● **What to produce**: Nothing but the lines below from the one that contains "PR - imagem" through the one that contains "960 Iris Ct, Marco Island, FL 34145" should be retyped, exactly and including both ends. Do not include pictures.

● **Records provided**:
--------------------------------------------------
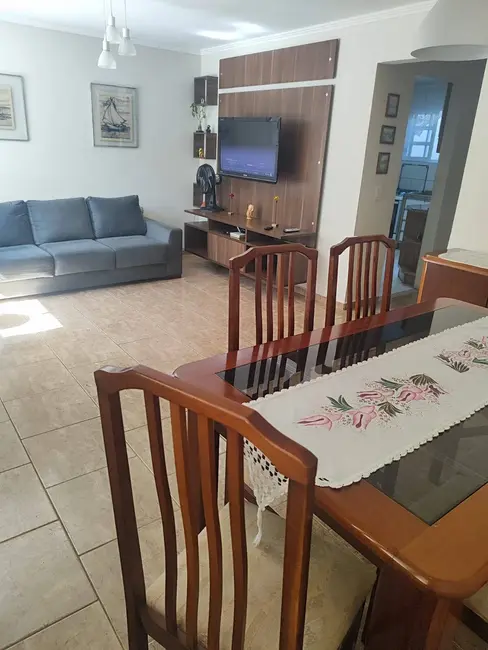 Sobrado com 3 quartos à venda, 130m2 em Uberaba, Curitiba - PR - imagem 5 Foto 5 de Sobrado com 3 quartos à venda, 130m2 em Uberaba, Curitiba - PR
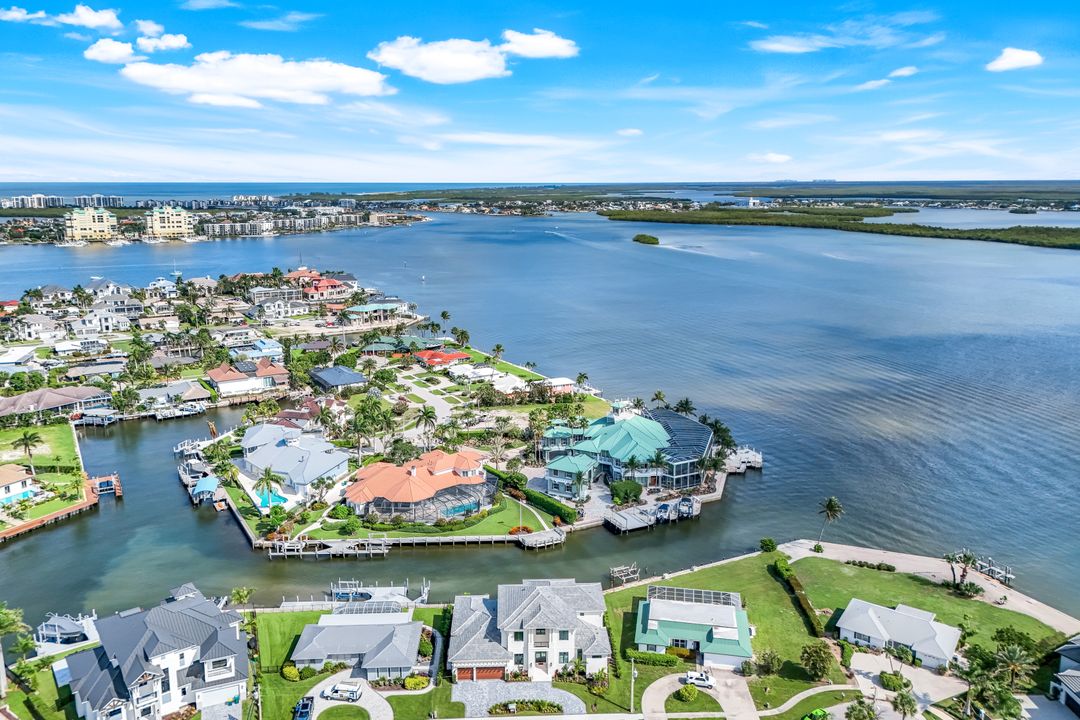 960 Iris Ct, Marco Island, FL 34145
--------------------------------------------------
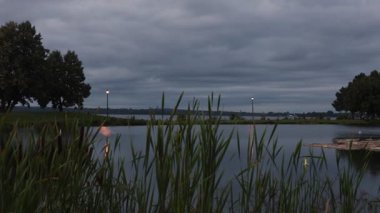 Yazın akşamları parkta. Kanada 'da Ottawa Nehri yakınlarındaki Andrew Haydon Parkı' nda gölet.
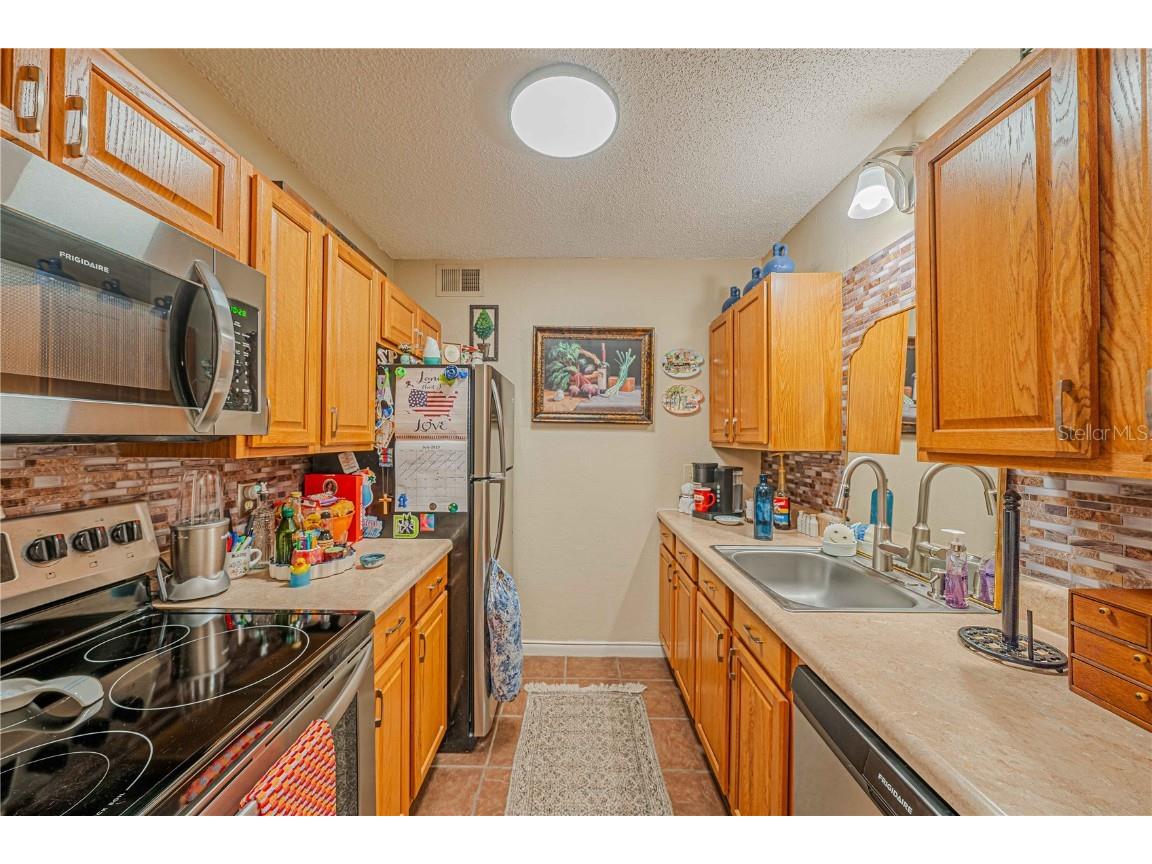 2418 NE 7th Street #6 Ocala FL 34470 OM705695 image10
--------------------------------------------------
● **Result of this exercise**:
 Sobrado com 3 quartos à venda, 130m2 em Uberaba, Curitiba - PR - imagem 5 Foto 5 de Sobrado com 3 quartos à venda, 130m2 em Uberaba, Curitiba - PR
 960 Iris Ct, Marco Island, FL 34145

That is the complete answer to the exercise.